Jak dotąd to miliarder Michaił Prochorow, dotychczas koncentrujący się na branży metalowej, najlepiej wyszedł na kryzysie, który znienacka ścisnął rosyjski sektor finansowy. Na podstawie podpisanej wczoraj umowy przejmie on znaczący pakiet akcji jednego z największych banków inwestycyjnych, płacąc ponadczterokrotnie mniej niż musiałby wyłożyć przed rokiem. Inny krajowy bank prawdopodobnie uniknie bankructwa tylko dlatego, że trafi pod skrzydła wicelidera rynku.
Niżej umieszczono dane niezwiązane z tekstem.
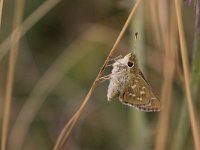 maudoc.com • Hesperia comma •  IMG_1666.jpg   Hesperia comma : Farfalla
Rosyjski bank centralny kontynuuje akcję ratunkową wobec sektora finansowego zmagającego się z największym od dekady kryzysem płynności. Wczoraj rozszerzono listę banków, którym udostępnione zostało preferencyjne finansowanie. W zeszłym tygodniu zostały do niego uprawnione Sberbank, VTB Group oraz Gazprombank, które miały następnie wpompować otrzymany kapitał do systemu bankowego. Władze monetarne uznały najwyraźniej, że to nie gwarantuje zapobieżenia fali bankructw, zwłaszcza wśród podmiotów sytuujących się na samym dole finansowej drabiny. Dlatego do pożyczek dopuszczono wczoraj 28 banków, które otrzymały w sumie równowartość 13 mld USD. Pieniądze mają zostać zwrócone w ciągu trzech miesięcy.
Cena cztery razy niższa
Bank inwestycyjny Renaissance Capital, w którym Prochorow przejmie 50 proc. akcji bez jednej, zaprzecza, by nagła zmiana w akcjonariacie była spowodowana złą kondycją finansową. - Nie ponieśliśmy żadnych strat ani odpisów. Te negocjacje trwały od miesięcy - twierdzą przedstawiciele firmy. Ale cena mówi sama za siebie. Należąca do Prochorowa Onexim Group zapłaci 500 mln dolarów. Tymczasem w początkach 2007 r. VTB Group (drugi największy rosyjski bank) dawał za cały Renaissance Capital 4 mld dolarów. Zapewne amerykańsko-rosyjska Renaissance Group żałuje, że odrzuciła wtedy ofertę. Moment zawarcia wczorajszej transakcji też nie jest fortunny. W zeszłym tygodniu mniejszy bank inwestycyjny, KIT Finance, zmuszony był poszukać inwestorów, którzy pomogą mu odzyskać równowagę finansową.